On the "Bring Avonte Home" Facebook page, anyone looking for Avonte was asked in all capital letters to "leave no stone unturned."
"You may no longer be searching for a boy in a clean gray striped shirt. He may have changed his clothes, picked up a sweatshirt or coat, he may be soiled, he may be with someone else. It is important to look at his face. He may not appear exactly as he does in his photographs," a Facebook post on the page read. "Look carefully, pay attention to detail. And remember, he may be hiding in a place you'd never think to look."
The post advised that Avonte could be avoiding crowds and loud noises by "by hiding in a tiny nook - behind, under or in something."
Avonte's father, Daniel Oquendo, was heartened Sunday by the massive outpouring of assistance from complete strangers.
"It's beautiful, it's beautiful – I mean we've made so many new friends," Daniel Oquendo said.
The police deployment, meanwhile, has been nothing short of staggering, with officers combing every nook and cranny.
On Saturday, the Rev. Al Sharpton issued a community alert for Avonte, and members of his National Action Network pledged to canvass the city in search of the boy. Avonte's father appeared on Sharpton's radio show Saturday morning.
"Everybody – take the time out to look – five minutes. Come out your house, back around the block. Be aware of your surroundings," Daniel Oquendo said. "When you're going to work – walking to the train – just keep your eyes open."
The response to the boy's disappearance has continued to be overwhelming, but more than two weeks later, there has begun to be some loss of hope.
"Look, it's difficult to be optimistic at this point in time, but we have an obligation to continue to look to continue the search, and we're carrying out that obligation with a significant amount of resources," said NYPD Commissioner Ray Kelly.

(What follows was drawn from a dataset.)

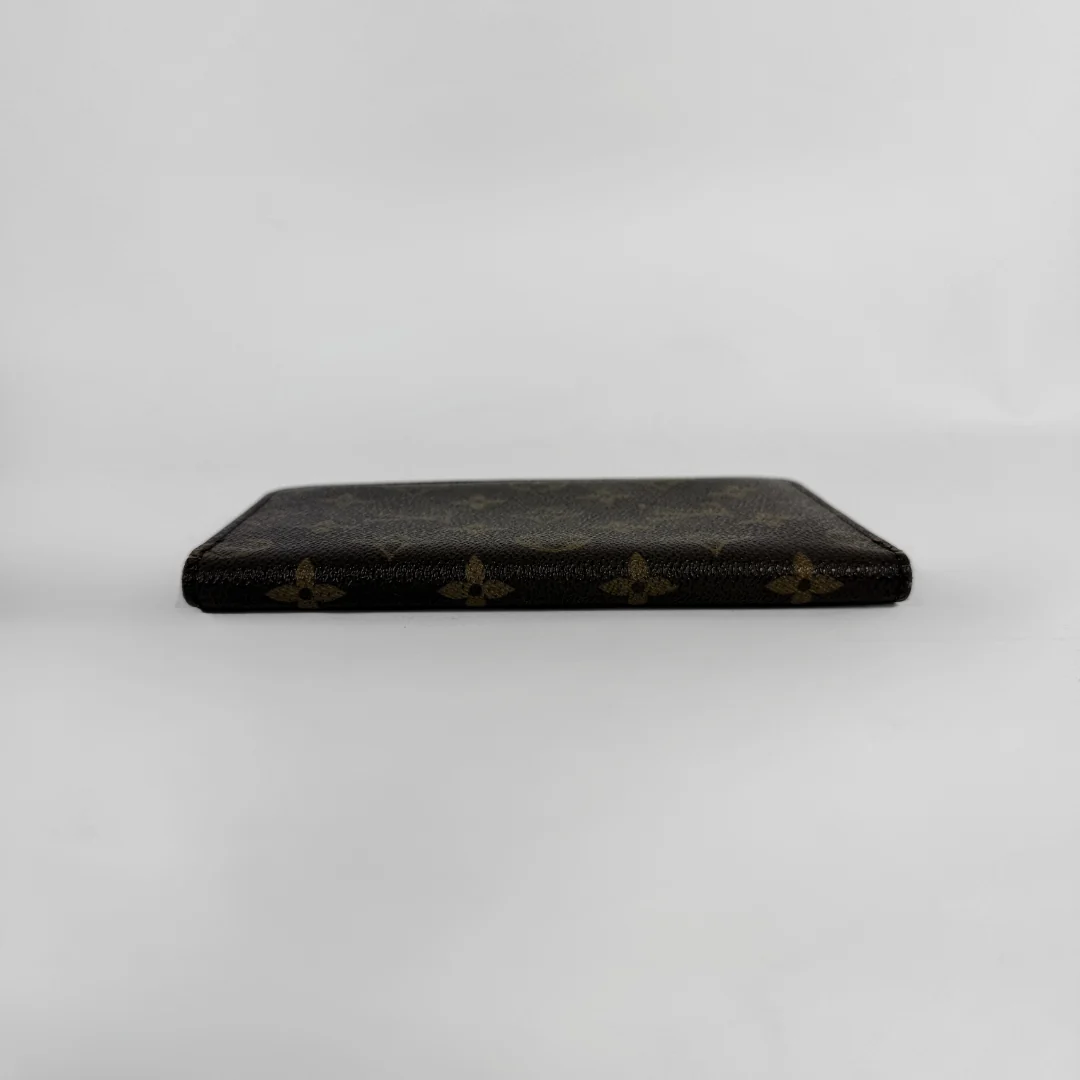 A dark brown Louis Vuitton monogram wallet or card holder shown closed from the front on a plain light gray background.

But Daniel Oquendo refuses to give up hope.
"Your emotions run up and down, up and down, and the more you do it, you beat your heart up, but you know, you've got to stay positive," he said.
A $70,000 reward is being offered by the group Autism Speaks for information about his whereabouts. In all, the reward is up to about $85,000, 1010 WINS' Carol D'Auria reported.
Since his disappearance, police, relatives and volunteers have blanketed the city with fliers and have combed through train stations, subway lines, and waterways. The nonverbal boy loves trains, according to authorities.
New York City subway riders have seen fliers taped to station support columns, and heard announcements from train conductors urging them to keep their eyes open.
Kelly said police have received at least 200 tips and have checked out 60 registered sex offenders in the area.
The NYPD continues to appeal to the public for any information. Commissioner Kelly told CBS 2 any detail could help break the case.